Claus Johnsen and Michelle McFall-Johnsen weren’t surprised to hear their Logan Square neighborhood is among the city leaders in rat complaints, though they say the real news is just how ever-present the pests have become since the couple moved into a home on the community’s western edge 12 years ago.
“What I’m used to seeing is a rat maybe darting out in the middle of the night across the street,” said Johnsen, a paramedic. “These days they are brazen. (They’re) like, ‘I’m taking a walk. This is my alley!'”
Rat complaints reported to the city in Logan Square and other communities skyrocketed in 2016, with the city receiving 46,879 rat-related requests for service through the 311 call center and online. The 2016 total was the most of any year since 2011, the first year of data provided by the city, and it dwarfed 2015’s total by more than 13,000 complaints.
Through Sept. 21, the city is on pace to set another record with about 1,500 more rat complaints than it had by the same time last year, a Tribune analysis of city data shows. City officials say the increase was expected as Streets and Sanitation rodent crews and elected officials have ramped up publicity efforts urging residents to report rats.

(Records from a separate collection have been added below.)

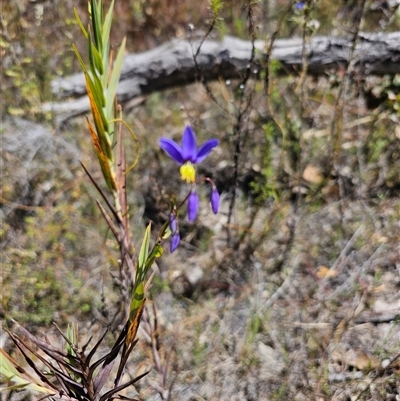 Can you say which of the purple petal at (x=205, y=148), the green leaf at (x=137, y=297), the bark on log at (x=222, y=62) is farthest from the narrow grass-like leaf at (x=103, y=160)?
the bark on log at (x=222, y=62)

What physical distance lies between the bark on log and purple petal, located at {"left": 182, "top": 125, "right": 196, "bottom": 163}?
2.78 ft

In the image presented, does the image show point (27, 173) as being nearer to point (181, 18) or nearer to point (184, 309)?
point (184, 309)

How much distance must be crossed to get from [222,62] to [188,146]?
127 cm

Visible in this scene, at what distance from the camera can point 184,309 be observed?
2008 millimetres

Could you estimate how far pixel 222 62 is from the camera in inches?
95.0

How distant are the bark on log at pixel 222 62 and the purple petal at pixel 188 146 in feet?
2.78

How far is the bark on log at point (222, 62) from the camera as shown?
2.19m

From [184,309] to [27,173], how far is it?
3.90ft

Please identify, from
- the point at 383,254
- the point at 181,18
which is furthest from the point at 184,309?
the point at 181,18

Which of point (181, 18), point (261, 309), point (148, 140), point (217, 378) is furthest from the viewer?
point (181, 18)

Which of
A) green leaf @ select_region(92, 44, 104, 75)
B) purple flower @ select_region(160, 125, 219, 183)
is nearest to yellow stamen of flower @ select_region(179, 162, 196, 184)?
purple flower @ select_region(160, 125, 219, 183)

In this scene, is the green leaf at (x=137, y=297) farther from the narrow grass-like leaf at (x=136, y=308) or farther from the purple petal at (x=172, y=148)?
the purple petal at (x=172, y=148)

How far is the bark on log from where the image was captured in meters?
2.19

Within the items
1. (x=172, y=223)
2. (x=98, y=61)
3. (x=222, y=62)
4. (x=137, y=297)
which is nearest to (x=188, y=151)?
(x=172, y=223) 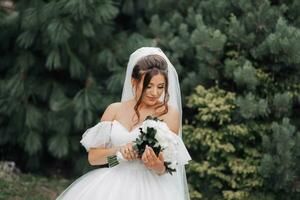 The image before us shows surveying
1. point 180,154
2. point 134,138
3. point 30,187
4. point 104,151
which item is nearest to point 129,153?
point 134,138

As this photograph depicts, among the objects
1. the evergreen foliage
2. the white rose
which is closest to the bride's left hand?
the white rose

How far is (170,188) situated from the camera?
13.0 ft

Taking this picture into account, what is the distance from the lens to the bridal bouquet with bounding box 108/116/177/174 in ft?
12.0

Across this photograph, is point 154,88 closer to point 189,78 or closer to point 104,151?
point 104,151

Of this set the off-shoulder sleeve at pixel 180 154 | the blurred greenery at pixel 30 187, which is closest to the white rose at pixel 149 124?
the off-shoulder sleeve at pixel 180 154

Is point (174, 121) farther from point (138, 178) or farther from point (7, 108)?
point (7, 108)

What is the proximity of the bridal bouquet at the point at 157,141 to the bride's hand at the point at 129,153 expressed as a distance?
29 mm

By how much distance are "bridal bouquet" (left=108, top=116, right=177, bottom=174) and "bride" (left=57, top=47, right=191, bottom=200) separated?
0.05 metres

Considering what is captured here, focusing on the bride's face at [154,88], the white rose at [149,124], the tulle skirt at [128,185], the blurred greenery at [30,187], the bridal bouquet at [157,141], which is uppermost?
the bride's face at [154,88]

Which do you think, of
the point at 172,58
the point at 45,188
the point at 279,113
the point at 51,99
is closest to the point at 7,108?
the point at 51,99

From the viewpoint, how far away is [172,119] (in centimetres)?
394

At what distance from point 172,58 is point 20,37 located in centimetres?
177

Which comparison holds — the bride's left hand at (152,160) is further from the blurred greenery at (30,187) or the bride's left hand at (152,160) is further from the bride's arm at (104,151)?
the blurred greenery at (30,187)

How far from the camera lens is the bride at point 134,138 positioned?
3.81 metres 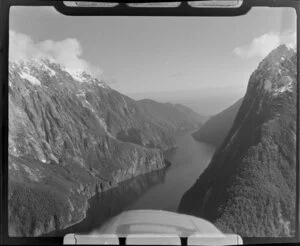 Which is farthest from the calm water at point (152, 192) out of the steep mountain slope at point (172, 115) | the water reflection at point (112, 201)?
the steep mountain slope at point (172, 115)

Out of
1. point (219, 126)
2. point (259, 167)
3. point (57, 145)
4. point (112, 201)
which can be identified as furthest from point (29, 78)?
point (259, 167)

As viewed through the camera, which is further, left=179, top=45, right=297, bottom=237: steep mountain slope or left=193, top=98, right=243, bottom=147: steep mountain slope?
left=193, top=98, right=243, bottom=147: steep mountain slope

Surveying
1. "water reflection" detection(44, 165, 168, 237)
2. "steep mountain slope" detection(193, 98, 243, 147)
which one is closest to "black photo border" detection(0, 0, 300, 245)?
"water reflection" detection(44, 165, 168, 237)

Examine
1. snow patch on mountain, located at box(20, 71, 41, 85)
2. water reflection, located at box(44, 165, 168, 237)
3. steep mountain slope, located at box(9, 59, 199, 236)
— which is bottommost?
water reflection, located at box(44, 165, 168, 237)

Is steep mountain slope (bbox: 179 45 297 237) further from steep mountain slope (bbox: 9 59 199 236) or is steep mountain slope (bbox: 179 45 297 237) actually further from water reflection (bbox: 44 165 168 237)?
steep mountain slope (bbox: 9 59 199 236)

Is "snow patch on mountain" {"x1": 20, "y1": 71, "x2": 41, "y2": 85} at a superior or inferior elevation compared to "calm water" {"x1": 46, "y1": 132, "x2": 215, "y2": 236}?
superior

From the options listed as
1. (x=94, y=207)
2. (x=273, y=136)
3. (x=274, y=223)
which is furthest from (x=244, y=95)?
(x=94, y=207)

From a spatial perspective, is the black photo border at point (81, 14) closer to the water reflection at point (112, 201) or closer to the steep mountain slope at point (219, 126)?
the water reflection at point (112, 201) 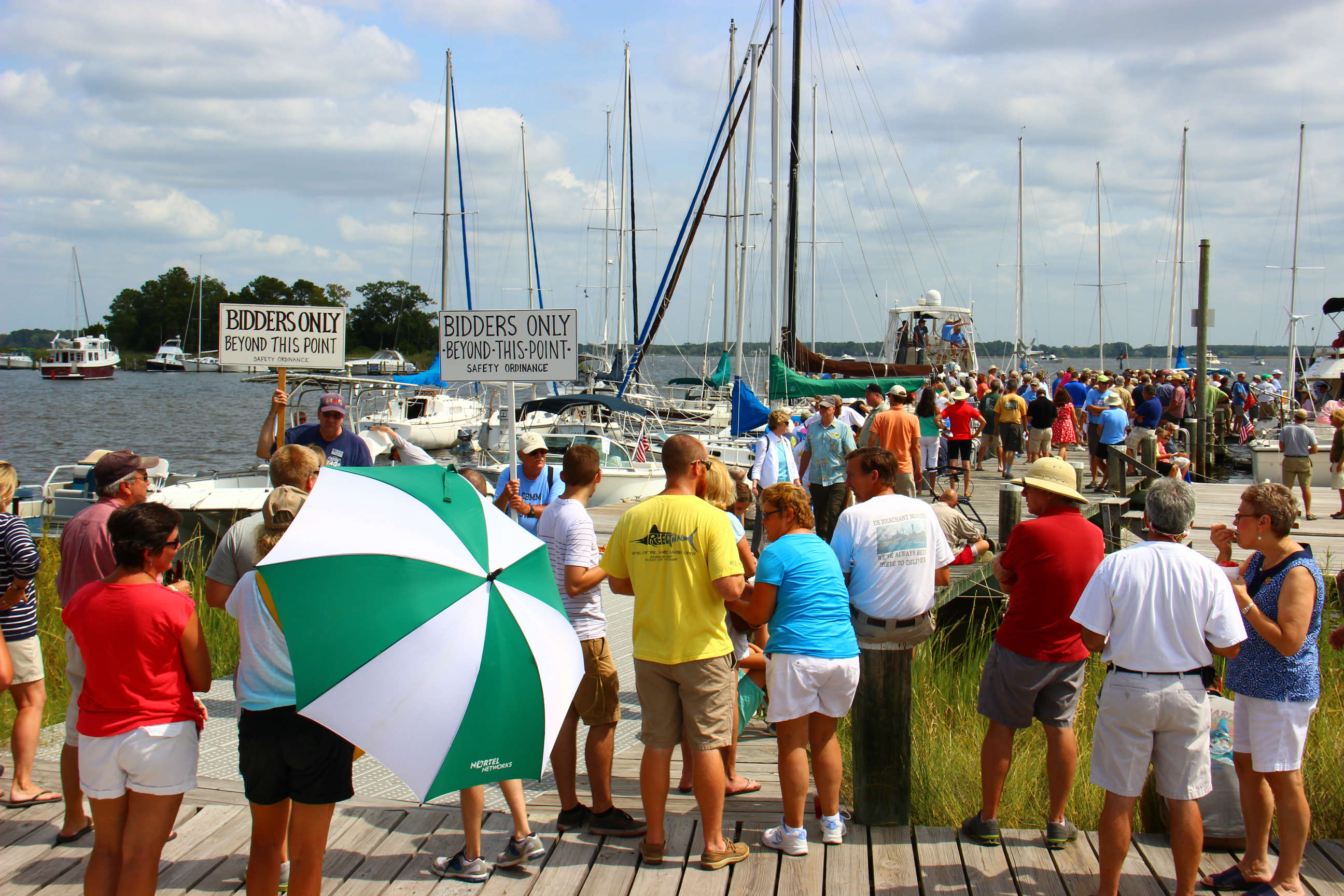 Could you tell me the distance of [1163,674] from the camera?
3750mm

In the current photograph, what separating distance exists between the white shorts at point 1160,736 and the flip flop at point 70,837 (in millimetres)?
4419

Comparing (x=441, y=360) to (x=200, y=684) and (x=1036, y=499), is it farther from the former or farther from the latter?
(x=1036, y=499)

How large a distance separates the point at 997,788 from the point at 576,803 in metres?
1.93

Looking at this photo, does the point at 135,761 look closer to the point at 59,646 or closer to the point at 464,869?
the point at 464,869

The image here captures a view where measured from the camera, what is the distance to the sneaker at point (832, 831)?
4.33 m

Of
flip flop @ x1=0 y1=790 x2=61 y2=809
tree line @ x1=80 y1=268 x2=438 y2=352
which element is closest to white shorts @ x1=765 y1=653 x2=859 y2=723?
flip flop @ x1=0 y1=790 x2=61 y2=809

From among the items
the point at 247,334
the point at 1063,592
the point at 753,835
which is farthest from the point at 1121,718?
the point at 247,334

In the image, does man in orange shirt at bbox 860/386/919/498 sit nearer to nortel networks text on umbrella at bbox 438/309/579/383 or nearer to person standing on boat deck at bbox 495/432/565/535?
person standing on boat deck at bbox 495/432/565/535

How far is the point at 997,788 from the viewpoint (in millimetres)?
4375

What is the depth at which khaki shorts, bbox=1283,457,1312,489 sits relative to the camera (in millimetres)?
14172

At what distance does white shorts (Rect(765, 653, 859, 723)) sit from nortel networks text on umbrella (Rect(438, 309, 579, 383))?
3257 mm

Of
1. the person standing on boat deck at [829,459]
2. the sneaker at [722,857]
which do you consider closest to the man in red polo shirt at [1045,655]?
the sneaker at [722,857]

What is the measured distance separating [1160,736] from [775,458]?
6734mm

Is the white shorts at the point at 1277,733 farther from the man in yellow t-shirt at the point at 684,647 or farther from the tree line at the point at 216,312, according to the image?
the tree line at the point at 216,312
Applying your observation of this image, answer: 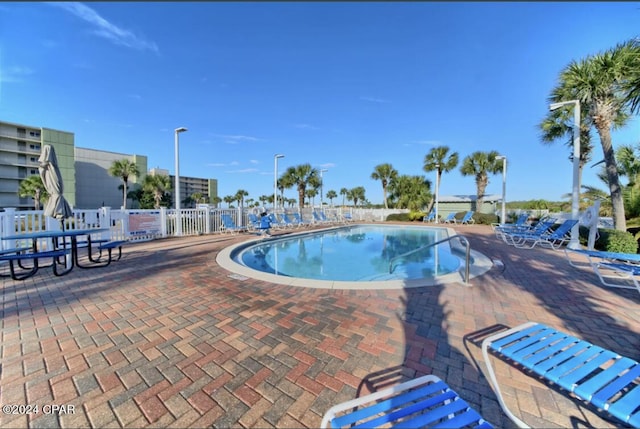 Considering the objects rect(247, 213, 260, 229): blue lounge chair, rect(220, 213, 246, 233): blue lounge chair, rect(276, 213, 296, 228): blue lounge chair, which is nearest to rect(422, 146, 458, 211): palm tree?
rect(276, 213, 296, 228): blue lounge chair

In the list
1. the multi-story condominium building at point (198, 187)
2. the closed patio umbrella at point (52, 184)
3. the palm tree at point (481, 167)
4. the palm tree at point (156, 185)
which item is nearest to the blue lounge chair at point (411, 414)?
the closed patio umbrella at point (52, 184)

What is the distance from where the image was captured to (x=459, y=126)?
15.5 meters

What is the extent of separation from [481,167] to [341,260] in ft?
63.4

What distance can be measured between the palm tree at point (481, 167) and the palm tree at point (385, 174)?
25.6 ft

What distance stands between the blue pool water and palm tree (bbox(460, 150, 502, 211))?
49.5ft

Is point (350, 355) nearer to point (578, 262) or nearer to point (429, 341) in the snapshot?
point (429, 341)

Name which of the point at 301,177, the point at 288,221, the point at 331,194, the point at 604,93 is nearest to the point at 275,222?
the point at 288,221

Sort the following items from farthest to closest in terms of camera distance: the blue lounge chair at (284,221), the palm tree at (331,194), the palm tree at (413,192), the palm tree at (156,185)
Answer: the palm tree at (331,194), the palm tree at (156,185), the palm tree at (413,192), the blue lounge chair at (284,221)

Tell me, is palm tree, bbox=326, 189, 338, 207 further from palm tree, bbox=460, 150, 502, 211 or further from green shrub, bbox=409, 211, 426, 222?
palm tree, bbox=460, 150, 502, 211

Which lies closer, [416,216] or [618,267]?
[618,267]

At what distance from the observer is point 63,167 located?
139 feet

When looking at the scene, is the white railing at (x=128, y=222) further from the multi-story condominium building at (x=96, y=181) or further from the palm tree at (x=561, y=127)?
the multi-story condominium building at (x=96, y=181)

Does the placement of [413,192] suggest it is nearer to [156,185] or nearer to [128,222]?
[128,222]

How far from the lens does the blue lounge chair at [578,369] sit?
1.24 m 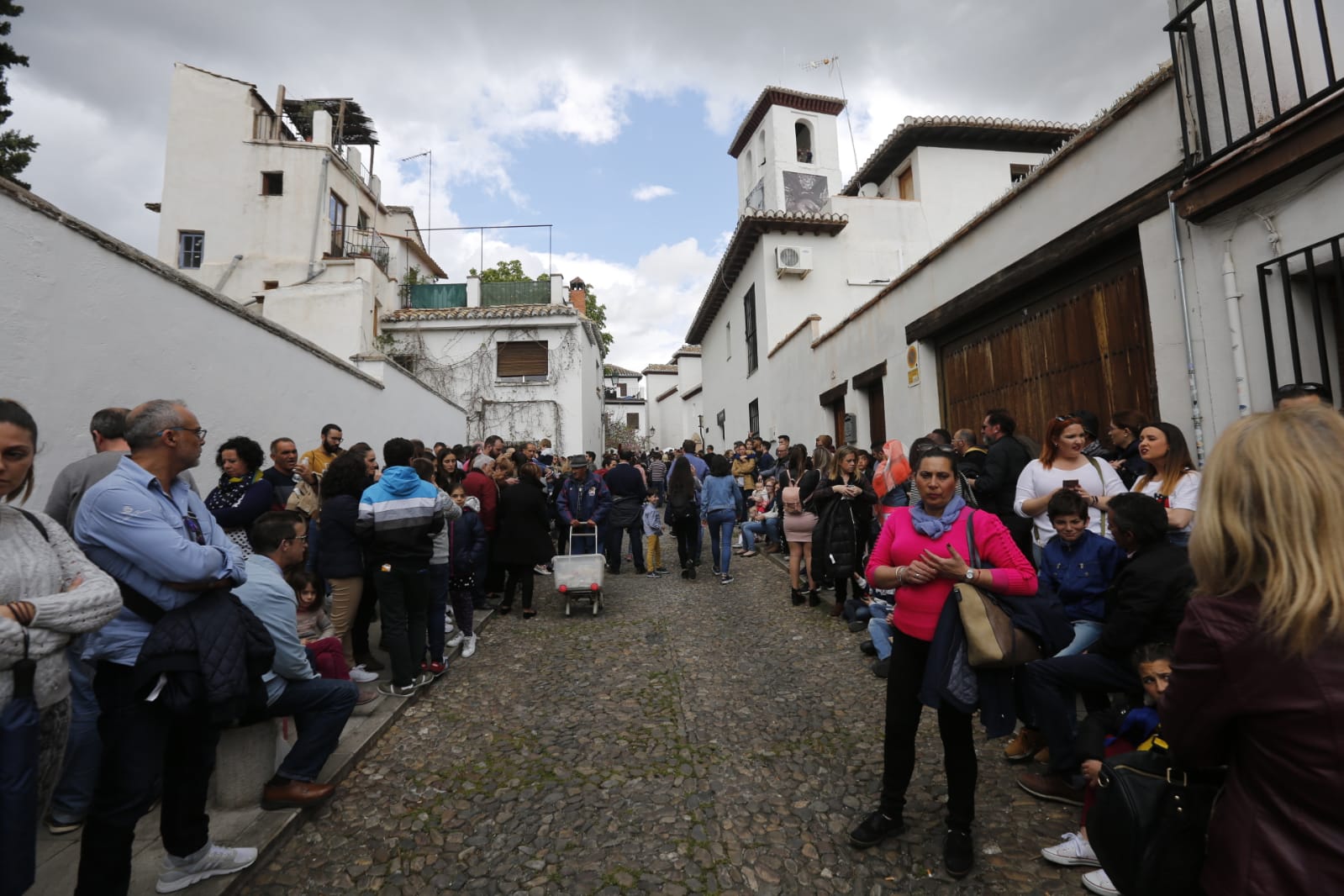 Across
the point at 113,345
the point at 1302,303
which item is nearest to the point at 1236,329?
the point at 1302,303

Johnsen and McFall-Johnsen, who abandoned apartment living to raise their two children in a two-story house on West Shakespeare Avenue, say they’ve waged war to keep the disease-carrying pests out of their home. Over the years, they’ve progressed from basic snap traps, poisons and regular 311 complaints to installing chicken wire fencing in their backyard, letting feral cats play on their property and using sealant foam to close cracks and crevices.
“And then they just tunnel near the hole that you just sealed,” McFall-Johnsen laughed.
“My husband used to put out traps and poisons, and (the problem) seemed to be OK and we controlled it,” McFall-Johnsen said of the early days in her home. “This is the worst it’s ever been.”